-- WHAT IS BEING ASKED --
Should any entry hold a picture, omit that picture and copy the rest of the entry exactly.

-- DATA SHOWN --
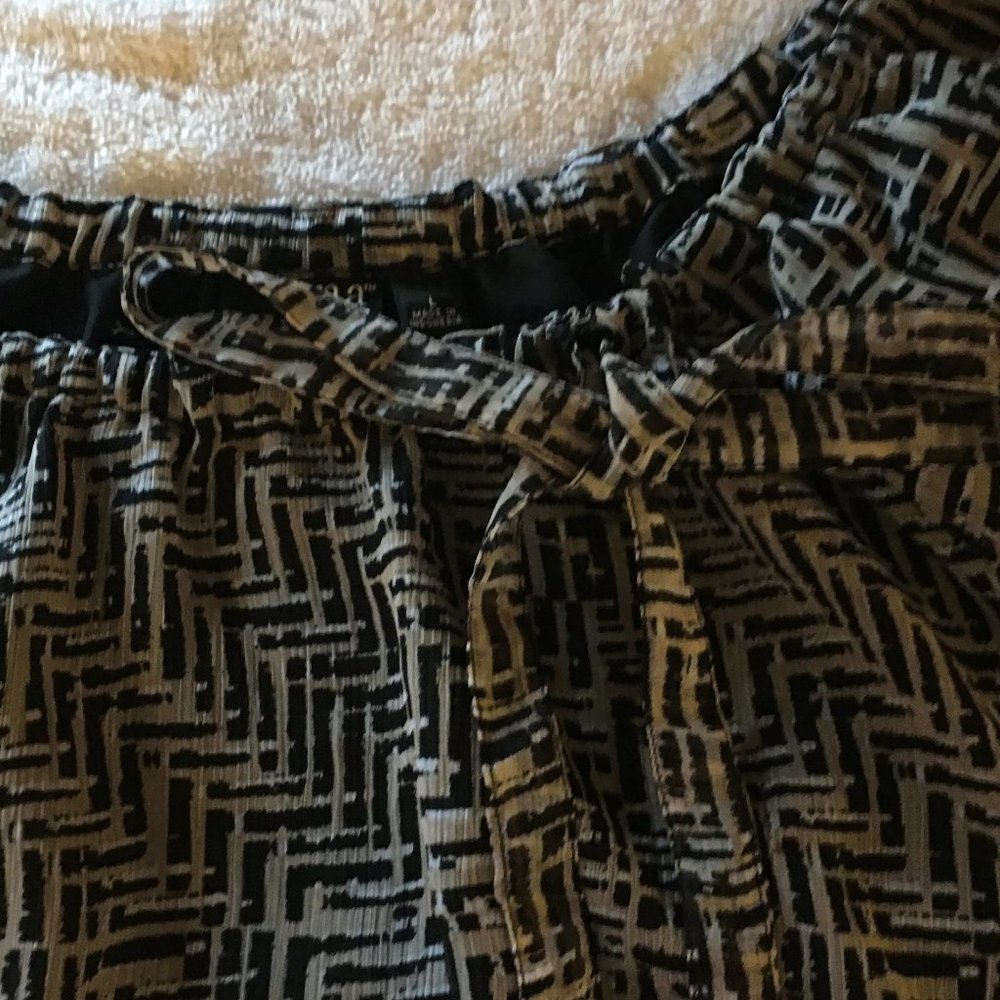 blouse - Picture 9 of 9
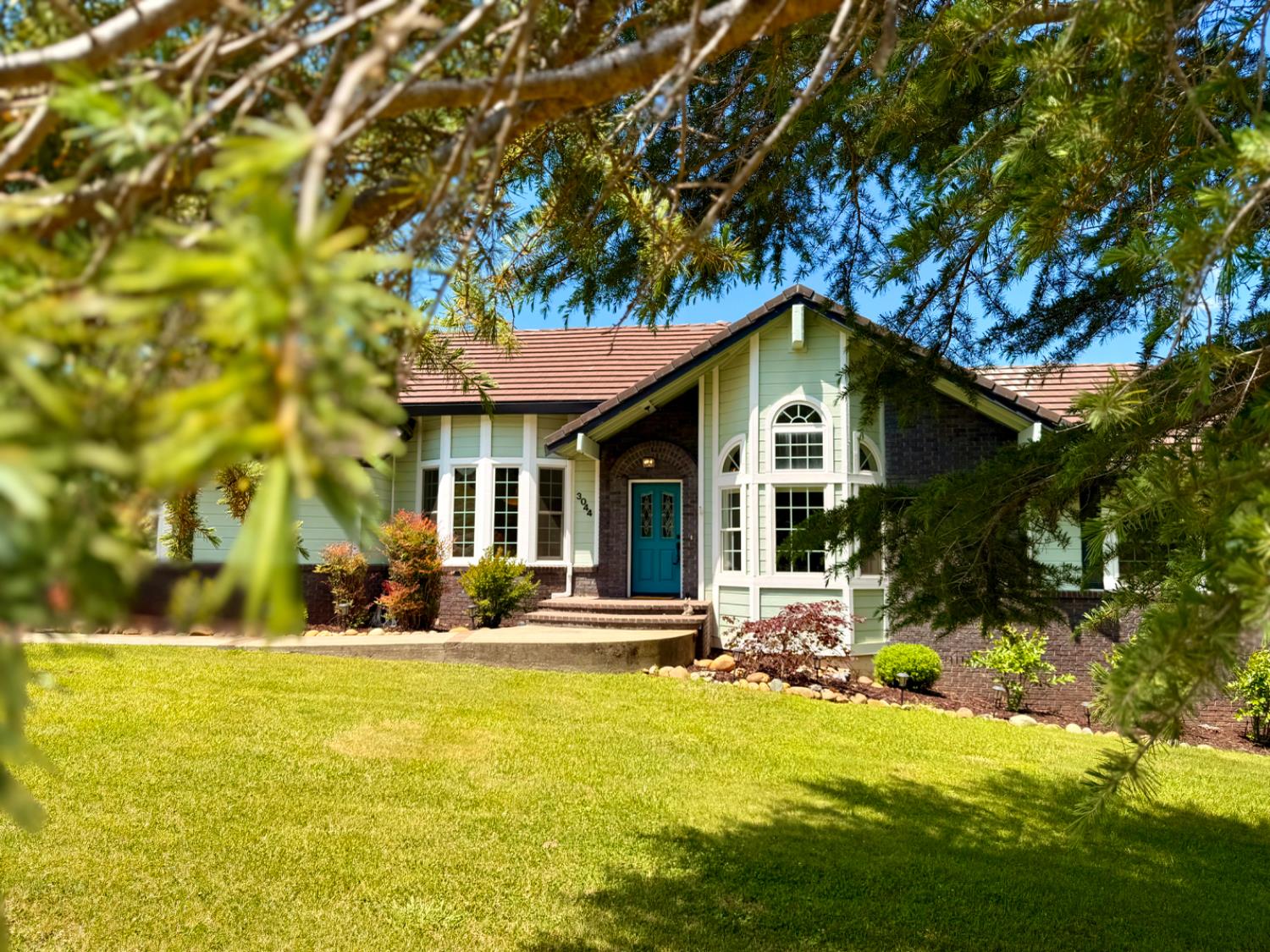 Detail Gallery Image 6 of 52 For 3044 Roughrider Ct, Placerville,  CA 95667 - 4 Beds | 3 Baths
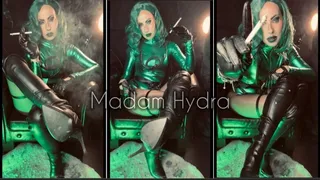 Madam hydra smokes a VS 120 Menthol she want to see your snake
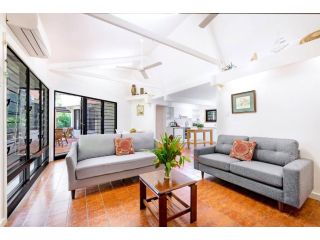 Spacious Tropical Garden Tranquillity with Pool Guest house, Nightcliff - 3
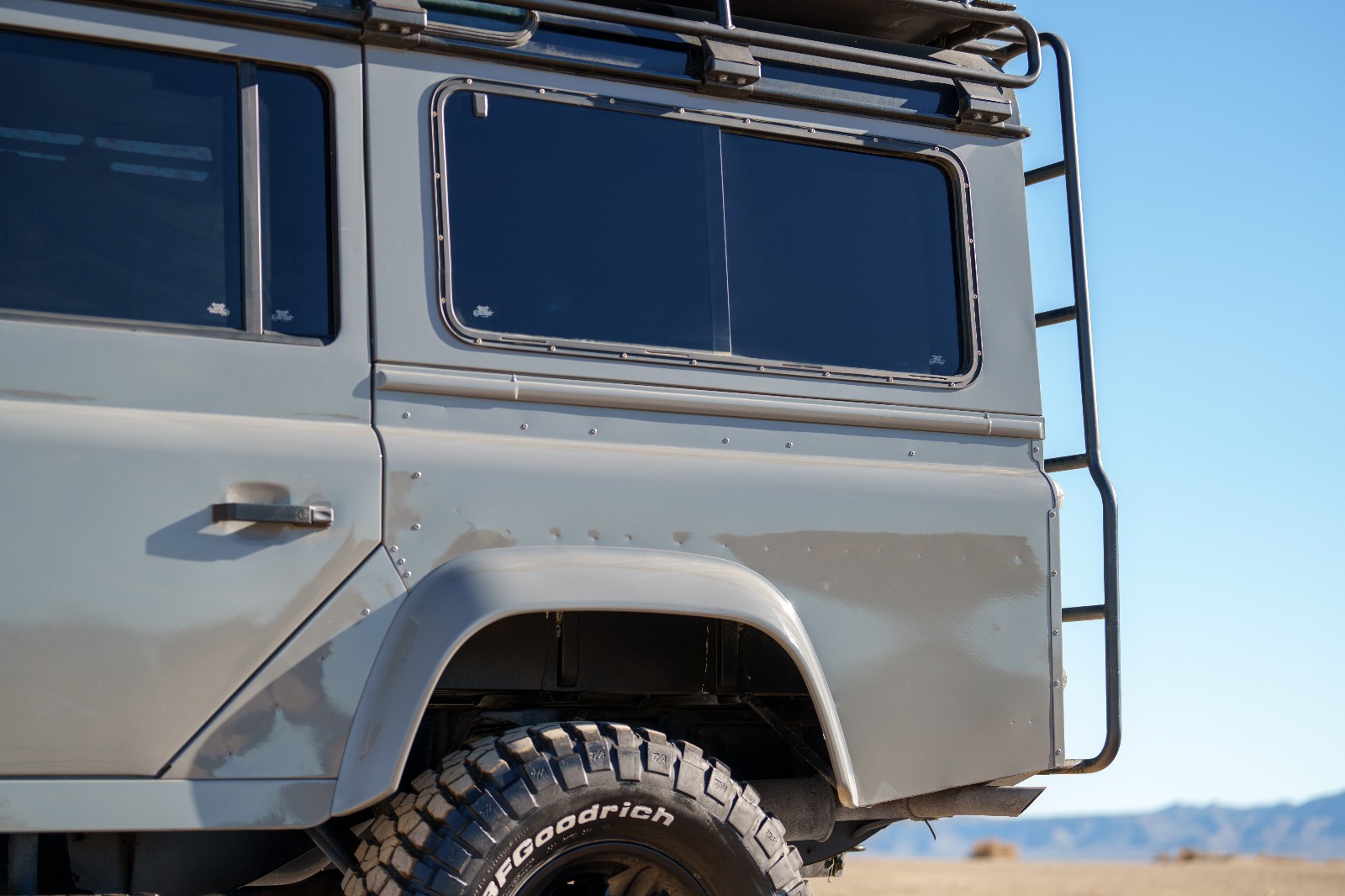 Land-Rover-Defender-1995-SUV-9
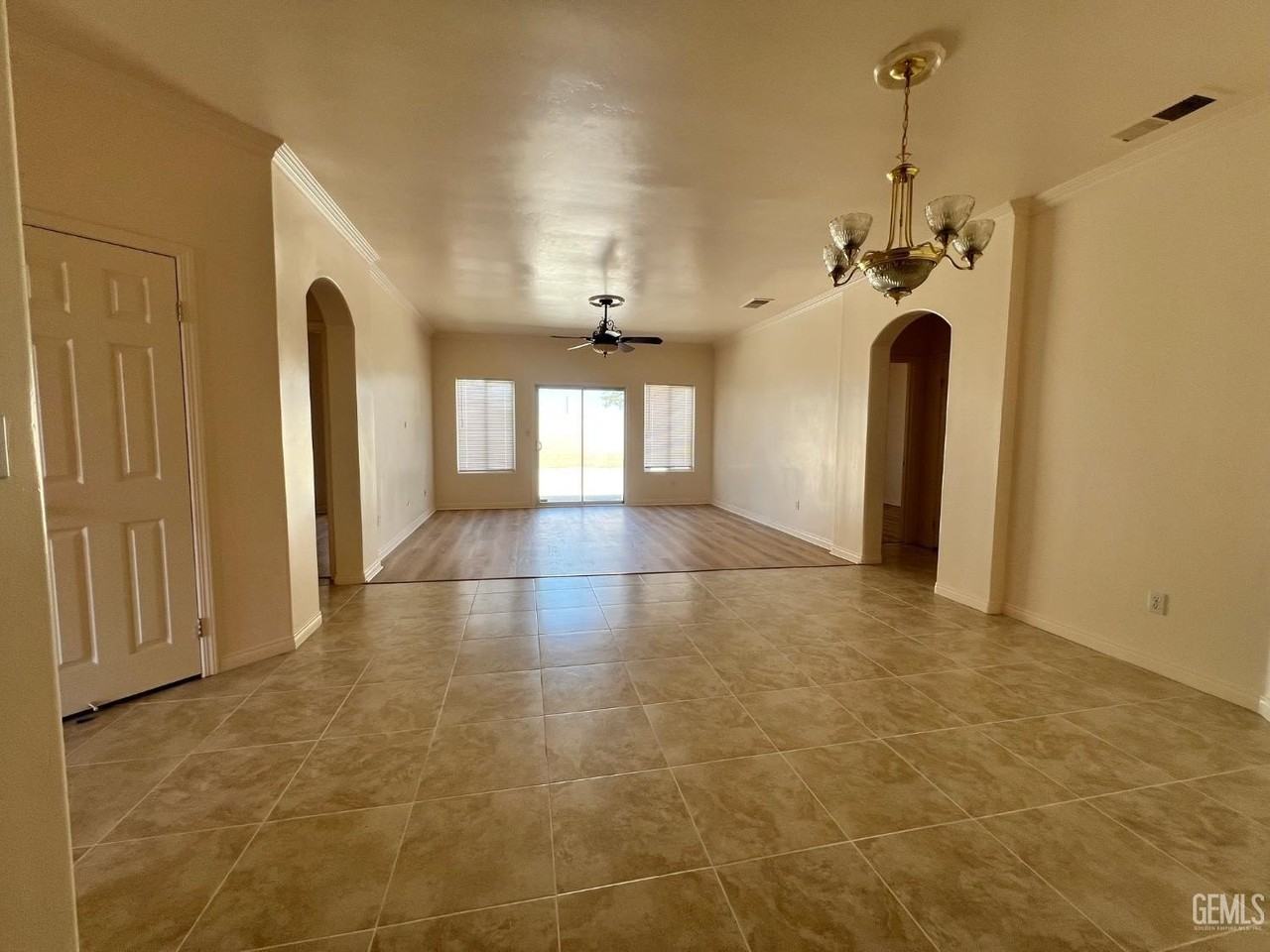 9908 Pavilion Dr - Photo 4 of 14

-- ANSWER TO THE EXERCISE --
 blouse - Picture 9 of 9
 Detail Gallery Image 6 of 52 For 3044 Roughrider Ct, Placerville,  CA 95667 - 4 Beds | 3 Baths
 Madam hydra smokes a VS 120 Menthol she want to see your snake
 Spacious Tropical Garden Tranquillity with Pool Guest house, Nightcliff - 3
 Land-Rover-Defender-1995-SUV-9
 9908 Pavilion Dr - Photo 4 of 14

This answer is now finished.